Zuora introduced itself to the world this week and while they are not a typical CRM company their position should have a big impact on CRM and all other markets that offer on-demand solutions. Founders Tien Tzuo and K.V. Rao and Cheng Zou formerly of Salesforce.com and WebEx, chose the usually sedate billing market because they have a new idea that looks like it has legs.
One of the big disconnects in the on-demand market has been the constraints on product packaging imposed by billing systems. The on-demand model takes a product and renders it as a service but existing billing systems more or less still bill for the service as if it were a product. Confused? Think of it this way. Conventional software sells product by the seat in a one-time transaction while on-demand currently sells by the seat each month. For most situations that works pretty well but it works largely because it’s the only game in town. What happens, for example, if you negotiate a different seat price? Conventional product oriented billing systems would have issues with that.
On-demand computing was once called the utility model because it mimics the delivery of water, gas, electricity and other services. In a utility model there is really only one product to sell but vendors can package that one product in numerous ways.
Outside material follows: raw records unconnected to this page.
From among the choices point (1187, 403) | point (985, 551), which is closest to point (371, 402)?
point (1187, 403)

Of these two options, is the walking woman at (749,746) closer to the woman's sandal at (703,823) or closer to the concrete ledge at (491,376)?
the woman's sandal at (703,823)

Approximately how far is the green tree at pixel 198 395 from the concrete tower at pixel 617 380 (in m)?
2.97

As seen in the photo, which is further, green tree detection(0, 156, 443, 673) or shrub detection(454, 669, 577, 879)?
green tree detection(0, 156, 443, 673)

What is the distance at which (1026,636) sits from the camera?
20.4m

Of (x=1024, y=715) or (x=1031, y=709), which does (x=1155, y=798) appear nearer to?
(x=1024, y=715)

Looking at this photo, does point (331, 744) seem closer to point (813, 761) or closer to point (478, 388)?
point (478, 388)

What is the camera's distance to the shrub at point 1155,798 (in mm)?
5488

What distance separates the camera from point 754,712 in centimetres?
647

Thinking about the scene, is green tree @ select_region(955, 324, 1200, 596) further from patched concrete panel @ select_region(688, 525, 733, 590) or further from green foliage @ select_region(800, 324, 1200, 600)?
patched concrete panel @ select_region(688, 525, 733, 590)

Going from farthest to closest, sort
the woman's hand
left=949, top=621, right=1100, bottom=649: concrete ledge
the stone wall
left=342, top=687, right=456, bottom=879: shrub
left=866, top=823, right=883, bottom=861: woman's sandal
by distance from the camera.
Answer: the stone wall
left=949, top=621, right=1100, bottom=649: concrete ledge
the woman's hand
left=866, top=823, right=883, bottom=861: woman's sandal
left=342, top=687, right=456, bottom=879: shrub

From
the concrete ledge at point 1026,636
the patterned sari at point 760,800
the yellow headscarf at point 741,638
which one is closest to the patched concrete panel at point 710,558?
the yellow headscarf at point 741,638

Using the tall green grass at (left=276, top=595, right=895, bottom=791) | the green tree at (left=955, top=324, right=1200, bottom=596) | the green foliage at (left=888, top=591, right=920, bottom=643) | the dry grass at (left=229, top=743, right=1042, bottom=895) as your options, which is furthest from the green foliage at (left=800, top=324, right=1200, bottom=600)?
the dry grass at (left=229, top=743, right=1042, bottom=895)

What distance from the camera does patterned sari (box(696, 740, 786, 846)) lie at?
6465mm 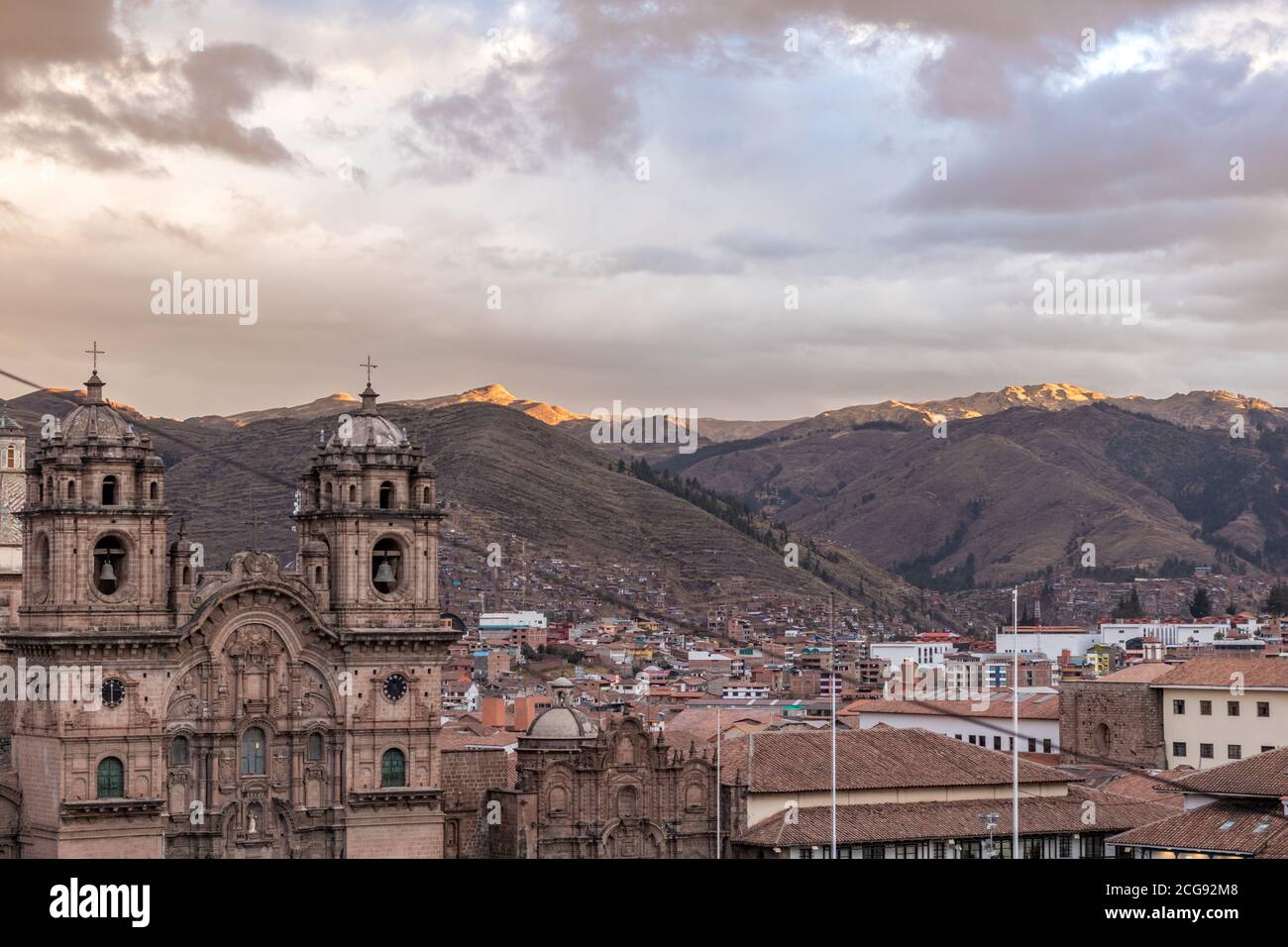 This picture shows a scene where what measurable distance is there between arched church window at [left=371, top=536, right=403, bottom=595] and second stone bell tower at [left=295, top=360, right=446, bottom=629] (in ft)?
0.10

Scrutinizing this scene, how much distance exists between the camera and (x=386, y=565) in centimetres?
6919

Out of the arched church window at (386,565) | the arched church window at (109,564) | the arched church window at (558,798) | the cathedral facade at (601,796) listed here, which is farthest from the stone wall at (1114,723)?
the arched church window at (109,564)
The packaging and pricing model is driven by what the billing system can support. It’s not a stretch to say that if the billing system can’t adapt to a packaging idea, the idea cannot be implemented.
A utility billing system takes much more into account than simple product information or even the nature of a recurring charge. For example, utilities are always thinking about rates and fee schedules and many times quantities—you get a certain rate for a specific quantity and often rates become more favorable for customers that buy in higher volumes. There are also special situations such as non-profit organizations which are often billed according to different schedules.
In the product world multiple rates and quantity discounts are available but not to the same degree as in the service world. Part of the reason is the greater cost associated with making and selling a product. While mass produced goods can have very low incremental costs, specialized products like software often don’t reach those economies of scale. But in the on-demand world the incremental cost of an additional seat sale can be very small opening up more opportunities for creative pricing and packaging—if the billing system will support them.
Enter Zuora, a company dedicated to providing flexible billing for subscription companies. As an idea, billing for subscription companies may be the fourth wave of Internet commerce. Other models and their paradigms include Amazon for retailing, PayPal for one-time payments processing and Google for advertising. The other models have become very successful and lend support to the idea that many economic entities that were once part of the brick and mortar economy are moving to the virtual world.
Of course there are practical limits to how far any of these models will go. As successful as a company like Amazon is, there will always be a need for a hardware store and a cash register and I have no doubt that the other modes will be similarly limited. However, the really interesting part of the Zuora story for me is that we really don’t know where the upper limit is.
It strikes me that at the heart of this introduction is a core ability for vendors to make their companies easier to do business with. As markets age and multiple vendors become capable of delivering more or less the same product or service, the competition moves from features and functions and toward secondary attributes such as the convenience of the customer facing business processes. Zuora gives its subscription company customers the ability to better tailor their offerings and that in itself should be a major differentiator.
Up to this moment subscription companies have been rather limited by their billing systems and this introduction could spawn a whole new round of innovation in software as a service once companies have the ability to tinker more with their delivery models. Who knows where this will lead.